I think this is the main point where many people’s work differs. Most of my work I know roughly what needs changing and how things are structured but I jump between codebases often enough that I can’t always remember the exact classes/functions where changes are needed. But I can vaguely gesture at those specific changes that need to be made and have the AI find the places that need changing and then I can review the result.

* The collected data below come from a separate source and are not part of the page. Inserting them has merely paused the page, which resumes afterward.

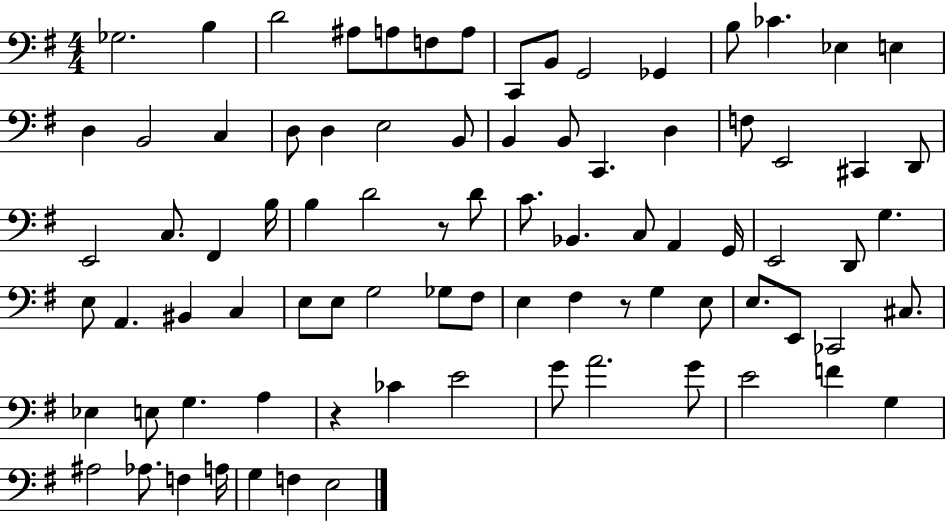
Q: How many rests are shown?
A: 3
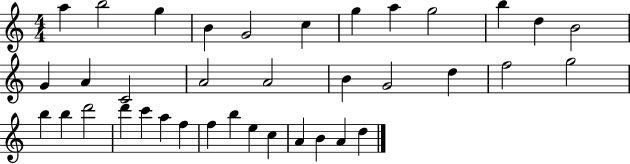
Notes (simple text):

A5/q B5/h G5/q B4/q G4/h C5/q G5/q A5/q G5/h B5/q D5/q B4/h G4/q A4/q C4/h A4/h A4/h B4/q G4/h D5/q F5/h G5/h B5/q B5/q D6/h D6/q C6/q A5/q F5/q F5/q B5/q E5/q C5/q A4/q B4/q A4/q D5/q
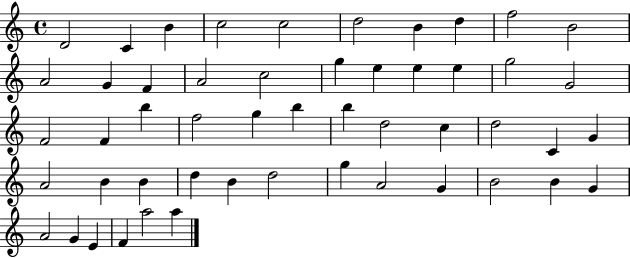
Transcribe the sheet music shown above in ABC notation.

X:1
T:Untitled
M:4/4
L:1/4
K:C
D2 C B c2 c2 d2 B d f2 B2 A2 G F A2 c2 g e e e g2 G2 F2 F b f2 g b b d2 c d2 C G A2 B B d B d2 g A2 G B2 B G A2 G E F a2 a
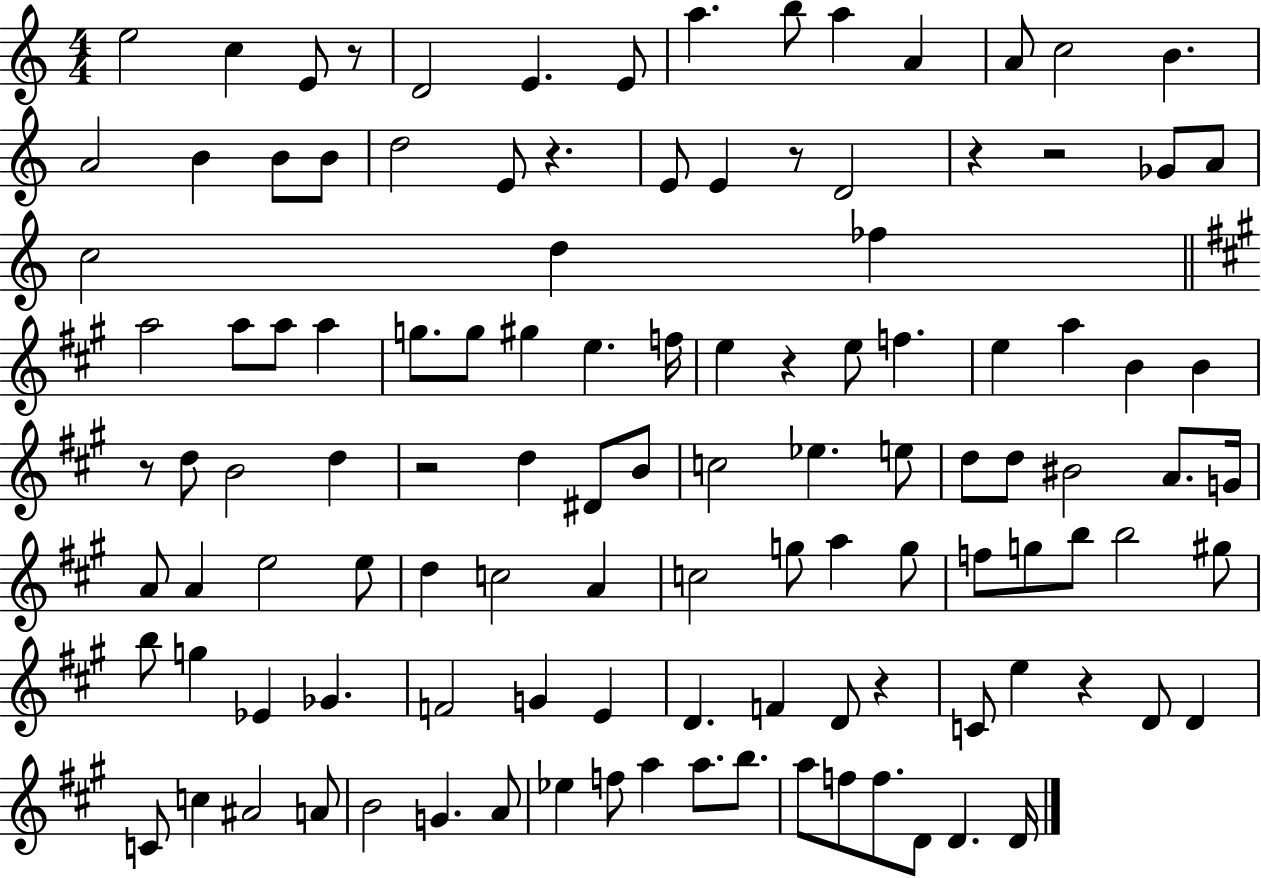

I rarely get the luxury of working in a single codebase for a long enough period of time to get so familiar with it that I can jump to particular functions without much thought. That means AI is usually a better starting point than me fumbling around trying to find what I think exists but I don’t know where it is.
I'm thinking about how to solve the problem and how to express it in the programming language such that it is easy to maintain. Getting someone/something else to do that doesn't help me.
But different strokes for different folks, I suppose.
And I have the AI deal with "knowing how to do it" as well. Often it's slower to have it do enough research to know how to do it, but my time is more expensive than Claude's time, and so as long as I'm not sitting around waiting it's a net win.
Gemini running an benchmark- everything ran smoothly for an hour. But on verification it had hallucinated the model used for judging, invalidating the whole run.
Another task used Opus and I manually specified the model to use. It still used the wrong model.
This type of hallucination has happened to me at least 4-5 times in the past fortnight using opus 4.6 and gemini-3.1-pro. GLM-5 does not seem to hallucinate so much.
So if you are not actively monitoring your agent and making the corrections, you need something else that is.
Also instead of just prompting, having it write a quick summary of exactly what it will do where the AI writes a plan including class names branch names file locations specific tests etc. is helpful before I hit go, since the code outline is smaller and quicker to correct.
That takes more wall clock time per agent, but gets better results, so fewer redo steps.
Hopefully there is some of lint process to catch my human hallucinations and typos.
This is exactly the sort of future I'm afraid of. Where the people who are ostensibly hired to know how stuff works, out source that understanding to their LLMs. If you don't know how the system works while building, what are you going to when it breaks? Continue to throw your LLM at it? At what point do you just outsource your entire brain?
I’m not sure it’s really true in practice yet, but that would certainly be the claim.
Because, after they're done/have finished executing, I guess you still have to "check" their output, integrate their results into the bigger project they're (supposedly) part of etc, and for me the context-switching required to do all that is mentally taxing. But maybe this only happens because my brain is not young enough, that's why I'm asking.